3. Test your code using at least four kinds of arrays, so you can investigate sort performance under various conditions.

   1. Random order: We have given you tests for this.
   2. Random order, but guaranteed to have no duplicates. To create such an array, you can create an array such that a[i] = i, and shuffle it. The Collections class has a static method called shuffle that will efficiently and throughly shuffle the elements.
   3. Almost sorted. Start with a sorted array and perform 0.01*n swaps of pairs of elements in random positions (to "slightly" shuffle it). This will introduce some inversions.
   4. Almost sorted, but backwards. Just reverse the array from the previous step.

   Your array size should be large enough so that all of your sorts take at least 25 milliseconds. If you go much smaller than that, it will be hard to tell them apart. You can go much larger for most of the sorts.

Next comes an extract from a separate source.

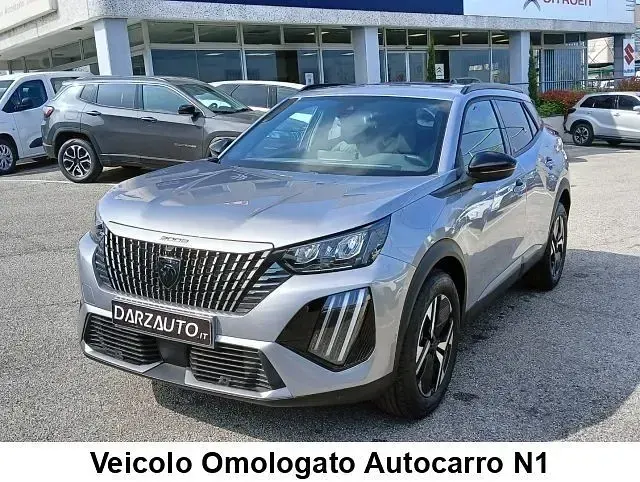 Usata Peugeot 2008 Allure 101 CV (74 kW) 2025 SUV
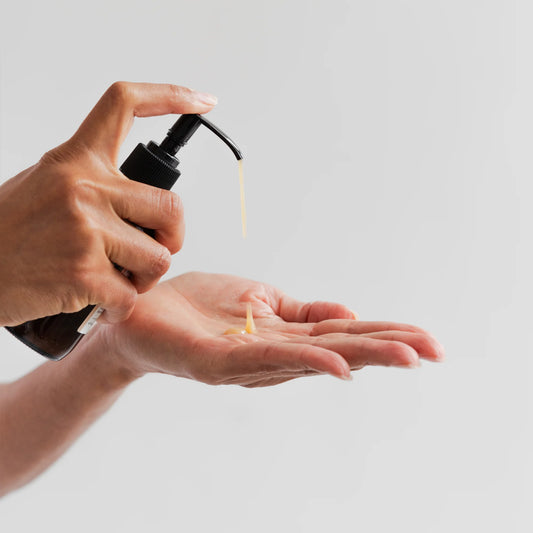marie veronique / pure + e.o. free oil cleanser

Frequently Asked Questions

1. Do I need to use both of AllBinaryHeapTest and AllBinaryHeapGenericContructorTest? Answer: No. Use the first if your heap implementation used ArrayLists and the second if it uses arrays. Comment out the other one.
2. Java's TreeSet doesn't allow for duplicates? So what if I get them? Answer: reallocate the size of the array to be the size of the tree (which has no duplicates)so the duplicates are ignored. This doesn't remove emough elements to affact timing significantly (for example, I once had 2 duplicates when testing with n=50000 elements).
3. The quicksort code you gave us in class doesn't handle the i and j walking out of bounds. What should I do? Answer: Modify the code to handle that case. Note that it doesn't handle the case where the pivot element is duplicated - you'll need to handle that too!
4. I want to display array ar while debugging, but there is no ar.toString(). Do I need to write my own method to print the array? Answer: No. Instead, call Arrays.toString(ar)

Deliverables and grading outline

1. (30 pts) Binary Heaps and heapsort, as discussed in that specification. Copy BinaryHeap into this project (you may submit one implementation per pair) and commit it to the repo. 
2. (20 pts) Code for your other sorts, and your timing code. Each sort you provide (heapsort, skiplistsort, quicksort) should be a method the appropriate class (so BinaryHeap has a sort() method), and committed to the repo. For quicksort, sort() can be static since you don't need an instance of the class.
3. (20 pts) A writeup giving a 2D table of sort times (sort vs. data). Discuss the performance of each algorithm. Did all of them run fine? Were there any memory issues? Which was fastest for each type of array? Was anything surprising or did you expect this? From what you know, try to explain what you see. Use the document here Analysis.docx as a template.